Been tying up quite a few Bear Hair Jigs and Float n' Fly jigs in the last few days. I LOVE bear hair jigs, and not just for smallmouth. I use them year round for largemouth as well. With this snow flying I really have a want to give these Float n' Fly jigs a try but think I'll camp out in the shop and keep making my jigs. It's way too early in the winter for cabin fever too set in 

Using a variety of hooks and head styles. Tying the flipping jigs on a new head I made with a double wire weedguard. Tying with black and brown bear with accent colors of blue, purple, olive, crystal flash, rainbow flashbou, etc. 

Clint


----------



## JamesT (Jul 22, 2005)

Great looking jigs!
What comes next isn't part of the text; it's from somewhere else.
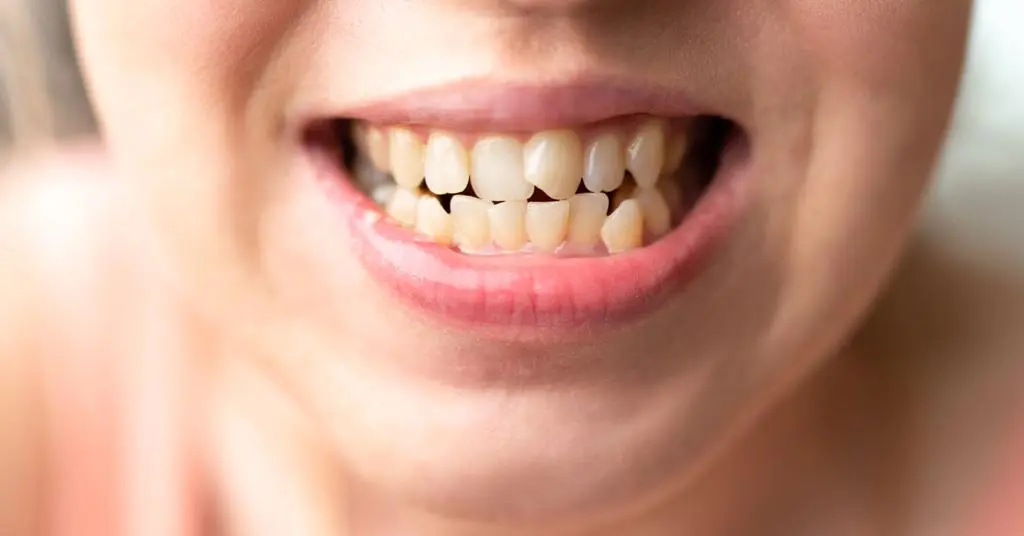 O que é mordida cruzada?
I have used a color similar to that light blue/purple on crankbait backs and it does well in the local flows. Bought some elk hair and a few other goodies and plan to tie some basic hackle this year.


----------



## gizitfish (Dec 7, 2011)

I've never really tied flies, but have tied many, many jigs. The float n' fly jigs are a new one to me, but nothing more than a downsized bass hair jig. We get a little warming trend I have a nice, deep rip rap and chunk rock shoreline to soak a float n' fly and bang one of my bear hair jigs around with an Uncle Josh 101 pork trailer. Oh come on spring, cant get here soon enough.

Clint


----------



## AtticaFish (Nov 23, 2008)

Nice looking thread neck jigs, clean ties! Most you have pictured are favorite color combos of mine as well - those will be candy to the smallmouth. !%



> ......Been tying up quite a few Bear Hair Jigs......


Are the different colors dyed bear fur?


----------